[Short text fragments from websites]

▬▬▬▬▬▬▬▬▬▬

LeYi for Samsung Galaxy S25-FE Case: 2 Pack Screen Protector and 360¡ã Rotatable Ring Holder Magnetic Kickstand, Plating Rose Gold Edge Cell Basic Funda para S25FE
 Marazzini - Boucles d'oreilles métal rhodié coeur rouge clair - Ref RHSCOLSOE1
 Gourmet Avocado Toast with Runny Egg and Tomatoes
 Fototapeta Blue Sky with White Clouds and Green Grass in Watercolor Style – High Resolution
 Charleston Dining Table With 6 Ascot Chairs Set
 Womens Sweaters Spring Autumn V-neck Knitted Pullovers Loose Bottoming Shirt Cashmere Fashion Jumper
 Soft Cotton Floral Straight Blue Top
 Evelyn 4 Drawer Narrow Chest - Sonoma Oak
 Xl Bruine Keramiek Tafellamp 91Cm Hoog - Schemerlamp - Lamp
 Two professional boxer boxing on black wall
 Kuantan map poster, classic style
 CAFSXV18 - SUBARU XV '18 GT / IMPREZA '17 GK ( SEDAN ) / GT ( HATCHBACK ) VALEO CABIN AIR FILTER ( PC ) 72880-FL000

▬▬▬▬▬▬▬▬▬▬

[What you should do]
From the records above, retype only the lines starting at the line that contains "Charleston Dining Table" and ending at the line that contains "Kuantan map poster, classic style", both included.

[Answer space]
 Charleston Dining Table With 6 Ascot Chairs Set
 Womens Sweaters Spring Autumn V-neck Knitted Pullovers Loose Bottoming Shirt Cashmere Fashion Jumper
 Soft Cotton Floral Straight Blue Top
 Evelyn 4 Drawer Narrow Chest - Sonoma Oak
 Xl Bruine Keramiek Tafellamp 91Cm Hoog - Schemerlamp - Lamp
 Two professional boxer boxing on black wall
 Kuantan map poster, classic style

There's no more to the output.